• [Available data]:
----

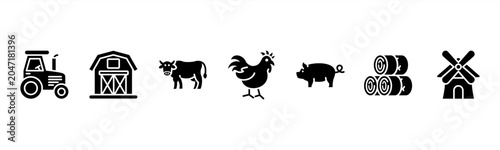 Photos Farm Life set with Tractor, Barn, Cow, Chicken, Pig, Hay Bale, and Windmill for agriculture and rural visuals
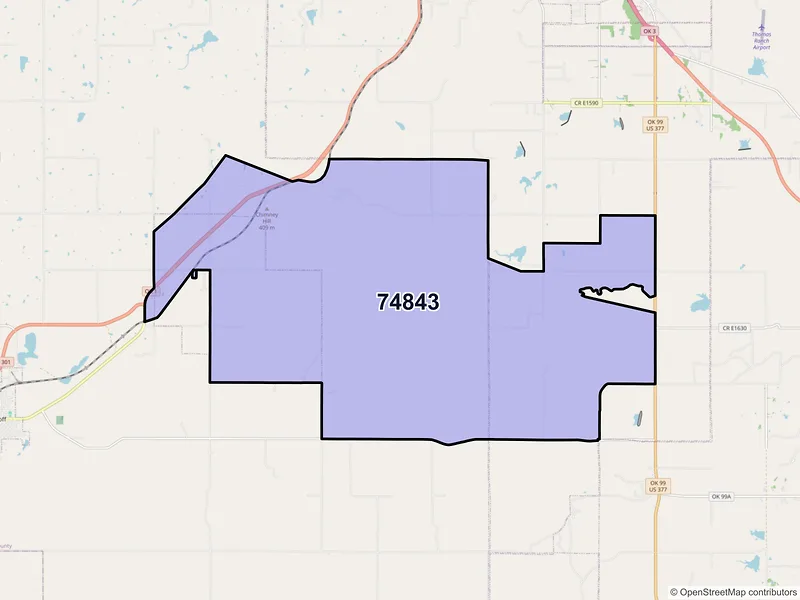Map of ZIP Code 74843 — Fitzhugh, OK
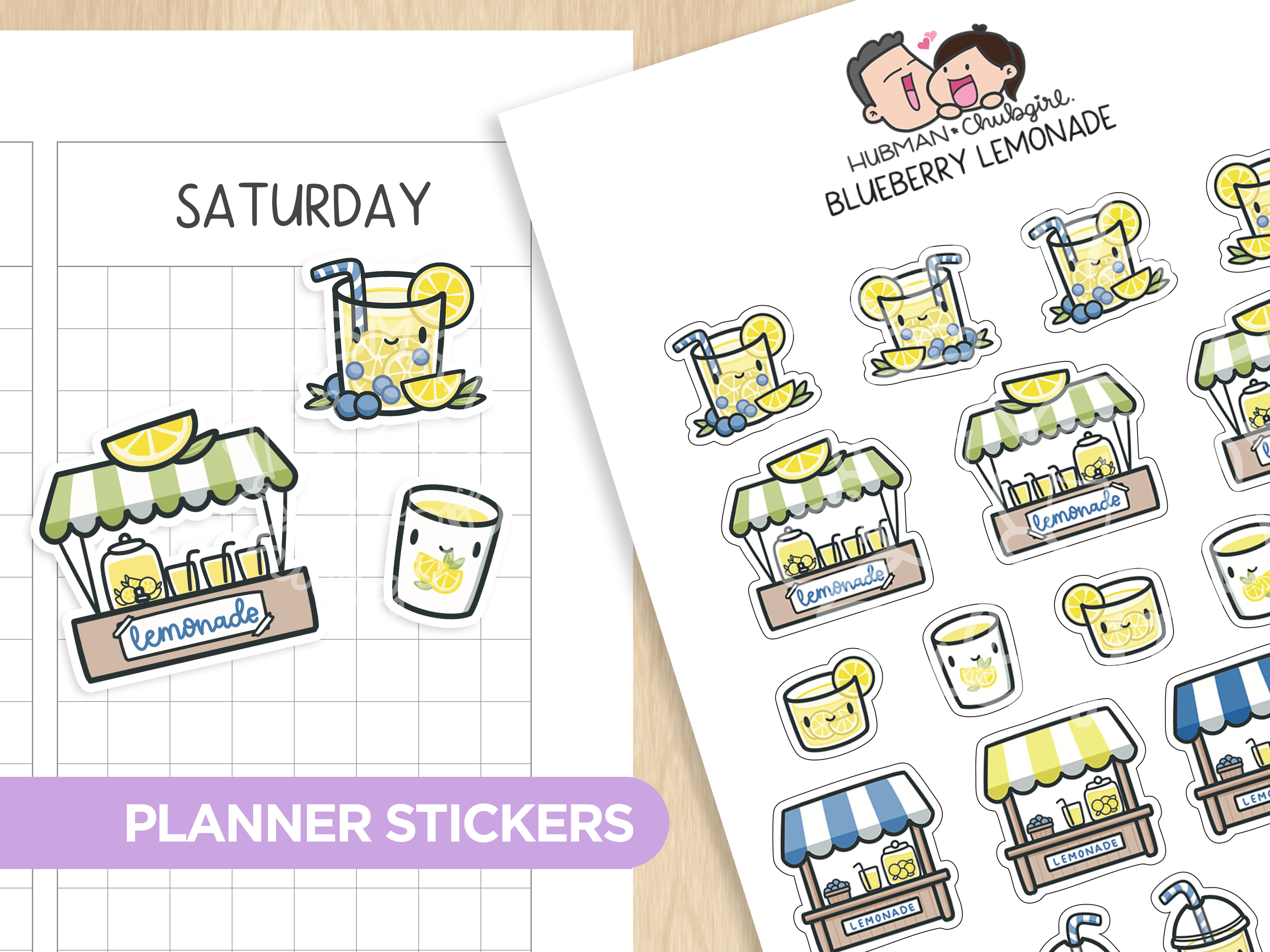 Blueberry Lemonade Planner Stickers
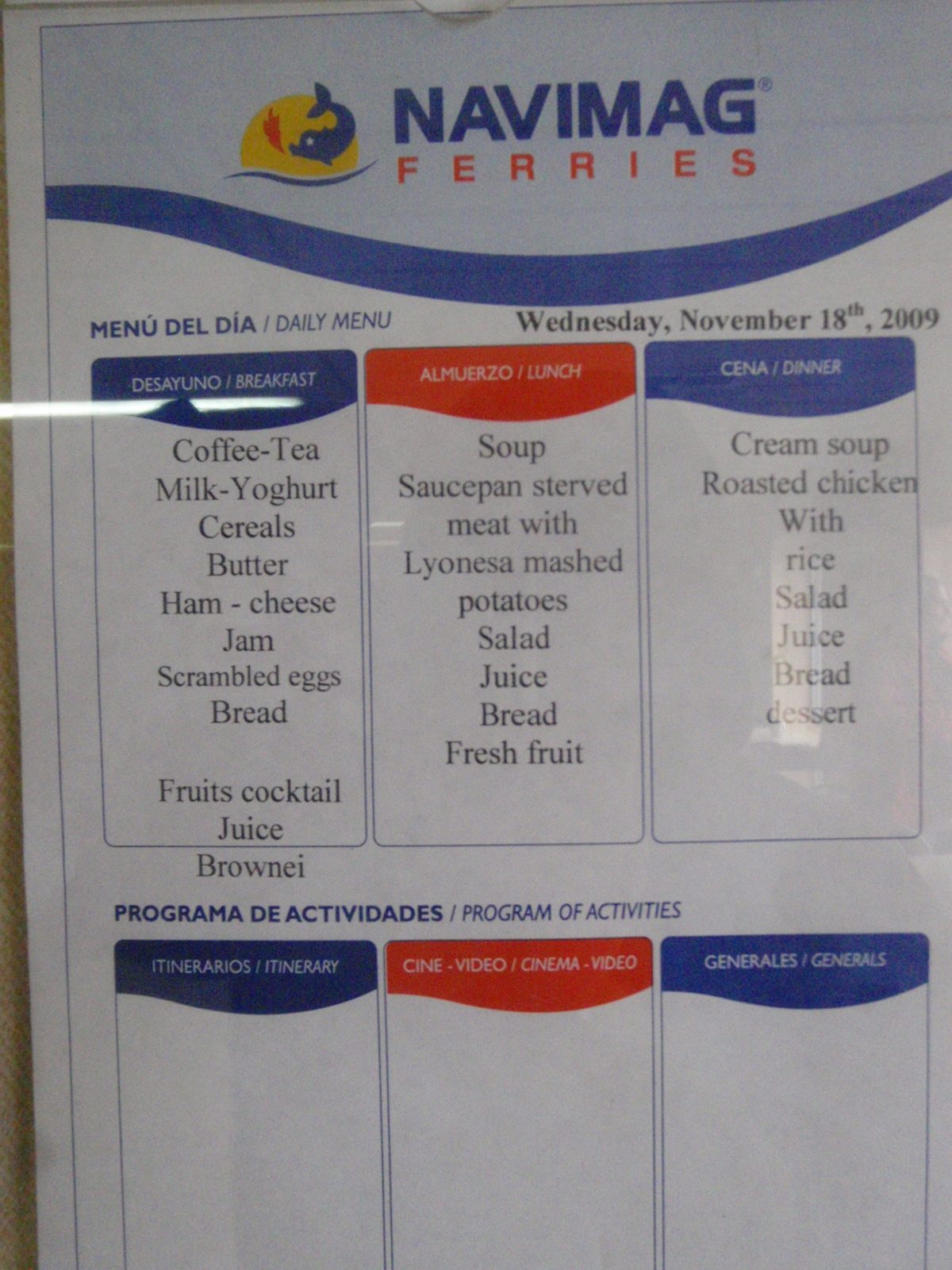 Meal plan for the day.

----

Please return each line of the listing exactly as written, excluding the images.

• [Answer for the task]:
 Photos Farm Life set with Tractor, Barn, Cow, Chicken, Pig, Hay Bale, and Windmill for agriculture and rural visuals
Map of ZIP Code 74843 — Fitzhugh, OK
 Blueberry Lemonade Planner Stickers
 Meal plan for the day.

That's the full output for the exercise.